El método parece científicamente correcto, pero puede esconder muchísimos sesgos, aparte de su dependencia del algoritmo utilizado, algo muy subjetivo. ¿Cómo valoramos la chulería, más frecuente entre los hombres, de un candidato? ¿Cómo su agresividad, su deseo de competir? ¿No nos dejamos influir por los modelos, generalmente masculinos? ¿Calificamos la efectividad -sólo los resultados- como suelen preferir los hombres pragmáticos, o la eficiencia -los resultados teniendo en cuenta los medios y las condiciones iniciales- en principio un indicador mejor de la calidad del individuo? ¿Cómo se cuentan los años dedicados a cuidar los niños? ¿Cómo se tiene en cuenta el hecho de que la suposición del fracaso (femenino) lo induce? ¿Cómo se compensa el frecuente escepticismo de los padres y supervisores con respecto a la capacidad de una mujer investigadora?
El problema de la mujer investigadora es enormemente complejo y estamos muy lejos de llegar a conclusiones sobre las que haya un consenso entre los especialistas. Además, muchos de los que lo consideramos un problema serio para la ciencia tampoco somos siempre suficientemente consecuentes, y lo digo con conocimiento de causa, como asociado (a pesar de mi sexo) ad honorem de la Asociación de Mujeres Investigadoras y Tecnólogas (AMIT), que está ayudándonos a tener presente el problema. Hace un año leí en la revista Nature un artículo sobre la desaparición misteriosa de las mujeres en el programa europeo de jóvenes investigadores EURYI, en cuya génesis participé en su momento. Traduzco una frase: "En España, donde cerca de un tercio de los solicitantes eran mujeres, no se nominó ni una". En esa convocatoria participé en la fase nacional de la selección y no tuve suficientemente presente mis propias ideas. ¡Qué vergüenza y qué rabia!
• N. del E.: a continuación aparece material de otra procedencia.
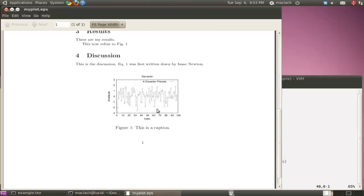So in a nutshell, this is how you'll include a figure in LaTeX. Good luck.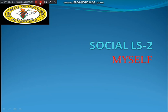Good evening children. In the last class we completed the first lesson, first lesson notes, and first lesson worksheet with the key answers. I hope you all understood the first lesson. So today in this class we are going to start with the next lesson, meaning the second lesson. The second lesson is called 'Myself,' so today onwards we are going to start with this new lesson.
Igual que con el cambio climático, mientras nuestra comprensión científica del problema avanza hay que empezar a actuar. Mientras se debate si el problema se arreglará por sí sólo con el paso del tiempo, al ser coyuntural, o requiere iniciativas, por ser estructural, se pueden ir tomando medidas correctoras de algunos aspectos sobre los que hay pocas dudas de que perjudican especialmente a la mujer. Uno de los más obvios es que las mujeres que tienen hijos los suelen tener en una edad en la que también son científicamente muy creativas y que una interrupción de cinco años dificulta enormemente la promoción a las categorías superiores.
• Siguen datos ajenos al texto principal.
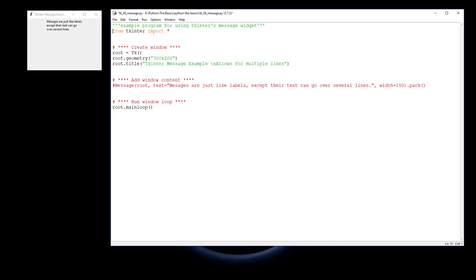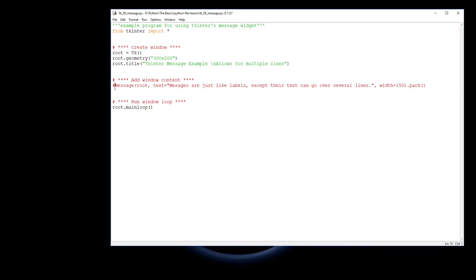So to start off with, we're going to create this one here, and there's an example of the message widget. We have imported Tkinter, we've created the window root with geometry and the title up there, and just coming down to the line here in which we actually run this, I'm going to put a message widget in there.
En la joven Universidad de Luxemburgo hemos introducido un programa que quiere evitar esta disminución de la actividad investigadora de las mujeres profesoras. Supongamos que esta mujer solía trabajar 50 horas reales, 16 en docencia, 4 en administración y 30 en investigación (oficialmente 20, ya que el contrato menciona 40 horas semanales). Lo que le proponemos al volver tras el permiso de maternidad es trabajar durante 5 años realmente 40 horas, 8 en docencia, 2 en administración y 30 en investigación. Así libera 10 horas manteniendo su actividad investigadora, que además, al tener horarios más flexibles que la docencia, facilita el cumplimiento de sus obligaciones como madre. Como ninguna comisión de promoción seria la castigará por haber disminuido su actividad docente, es de esperar que esta medida ayude a compensar la desventaja procreativa de la mujer. Obviamente, el programa no es discriminatorio -los hombres tienen tantas obligaciones con respecto a la familia como las mujeres- y un varón también se puede beneficiar.
Más vale actuar que discutir ad nauseam sobre el sexo.
Rolf Tarrach es rector de la Universidad de Luxemburgo y profesor de la Universidad de Barcelona.